◆ Work to be completed
Reproduce each record exactly.

*** Excerpted data ***

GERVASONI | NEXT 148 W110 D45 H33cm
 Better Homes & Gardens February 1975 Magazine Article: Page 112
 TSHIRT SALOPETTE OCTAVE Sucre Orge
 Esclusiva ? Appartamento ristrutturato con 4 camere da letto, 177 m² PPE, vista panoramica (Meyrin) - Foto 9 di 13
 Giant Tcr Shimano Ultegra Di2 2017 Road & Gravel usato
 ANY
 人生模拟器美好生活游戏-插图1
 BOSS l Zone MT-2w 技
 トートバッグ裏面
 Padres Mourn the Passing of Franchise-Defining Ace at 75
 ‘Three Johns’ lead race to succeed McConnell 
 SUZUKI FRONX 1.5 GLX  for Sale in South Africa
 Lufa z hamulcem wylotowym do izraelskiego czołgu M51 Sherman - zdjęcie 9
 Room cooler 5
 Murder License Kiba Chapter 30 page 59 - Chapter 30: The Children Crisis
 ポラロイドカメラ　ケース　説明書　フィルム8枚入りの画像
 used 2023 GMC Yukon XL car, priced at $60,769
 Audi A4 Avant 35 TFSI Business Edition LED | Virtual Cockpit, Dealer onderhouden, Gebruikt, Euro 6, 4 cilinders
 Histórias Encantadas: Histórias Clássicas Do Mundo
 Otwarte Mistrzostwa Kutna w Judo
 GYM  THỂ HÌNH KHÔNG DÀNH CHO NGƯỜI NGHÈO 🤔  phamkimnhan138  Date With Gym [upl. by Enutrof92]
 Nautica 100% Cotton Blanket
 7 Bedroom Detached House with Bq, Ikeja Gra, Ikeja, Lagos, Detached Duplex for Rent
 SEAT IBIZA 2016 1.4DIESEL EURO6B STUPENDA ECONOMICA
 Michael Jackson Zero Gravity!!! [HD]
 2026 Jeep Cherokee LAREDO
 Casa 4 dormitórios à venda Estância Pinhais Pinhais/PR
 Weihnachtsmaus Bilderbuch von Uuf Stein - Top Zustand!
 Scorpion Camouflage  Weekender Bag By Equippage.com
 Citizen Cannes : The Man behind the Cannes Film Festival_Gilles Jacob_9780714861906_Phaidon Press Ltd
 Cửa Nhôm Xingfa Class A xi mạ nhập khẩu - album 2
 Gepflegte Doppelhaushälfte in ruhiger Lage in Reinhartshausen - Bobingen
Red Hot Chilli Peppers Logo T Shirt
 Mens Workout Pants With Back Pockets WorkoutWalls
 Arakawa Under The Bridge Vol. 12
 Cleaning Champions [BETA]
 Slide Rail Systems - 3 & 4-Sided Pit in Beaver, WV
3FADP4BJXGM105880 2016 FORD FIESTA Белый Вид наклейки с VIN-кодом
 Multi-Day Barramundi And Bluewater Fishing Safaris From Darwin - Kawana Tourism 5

*** End of Excerpted data ***

◆ Response to the task
GERVASONI | NEXT 148 W110 D45 H33cm
 Better Homes & Gardens February 1975 Magazine Article: Page 112
 TSHIRT SALOPETTE OCTAVE Sucre Orge
 Esclusiva ? Appartamento ristrutturato con 4 camere da letto, 177 m² PPE, vista panoramica (Meyrin) - Foto 9 di 13
 Giant Tcr Shimano Ultegra Di2 2017 Road & Gravel usato
 ANY
 人生模拟器美好生活游戏-插图1
 BOSS l Zone MT-2w 技
 トートバッグ裏面
 Padres Mourn the Passing of Franchise-Defining Ace at 75
 ‘Three Johns’ lead race to succeed McConnell 
 SUZUKI FRONX 1.5 GLX  for Sale in South Africa
 Lufa z hamulcem wylotowym do izraelskiego czołgu M51 Sherman - zdjęcie 9
 Room cooler 5
 Murder License Kiba Chapter 30 page 59 - Chapter 30: The Children Crisis
 ポラロイドカメラ　ケース　説明書　フィルム8枚入りの画像
 used 2023 GMC Yukon XL car, priced at $60,769
 Audi A4 Avant 35 TFSI Business Edition LED | Virtual Cockpit, Dealer onderhouden, Gebruikt, Euro 6, 4 cilinders
 Histórias Encantadas: Histórias Clássicas Do Mundo
 Otwarte Mistrzostwa Kutna w Judo
 GYM  THỂ HÌNH KHÔNG DÀNH CHO NGƯỜI NGHÈO 🤔  phamkimnhan138  Date With Gym [upl. by Enutrof92]
 Nautica 100% Cotton Blanket
 7 Bedroom Detached House with Bq, Ikeja Gra, Ikeja, Lagos, Detached Duplex for Rent
 SEAT IBIZA 2016 1.4DIESEL EURO6B STUPENDA ECONOMICA
 Michael Jackson Zero Gravity!!! [HD]
 2026 Jeep Cherokee LAREDO
 Casa 4 dormitórios à venda Estância Pinhais Pinhais/PR
 Weihnachtsmaus Bilderbuch von Uuf Stein - Top Zustand!
 Scorpion Camouflage  Weekender Bag By Equippage.com
 Citizen Cannes : The Man behind the Cannes Film Festival_Gilles Jacob_9780714861906_Phaidon Press Ltd
 Cửa Nhôm Xingfa Class A xi mạ nhập khẩu - album 2
 Gepflegte Doppelhaushälfte in ruhiger Lage in Reinhartshausen - Bobingen
Red Hot Chilli Peppers Logo T Shirt
 Mens Workout Pants With Back Pockets WorkoutWalls
 Arakawa Under The Bridge Vol. 12
 Cleaning Champions [BETA]
 Slide Rail Systems - 3 & 4-Sided Pit in Beaver, WV
3FADP4BJXGM105880 2016 FORD FIESTA Белый Вид наклейки с VIN-кодом
 Multi-Day Barramundi And Bluewater Fishing Safaris From Darwin - Kawana Tourism 5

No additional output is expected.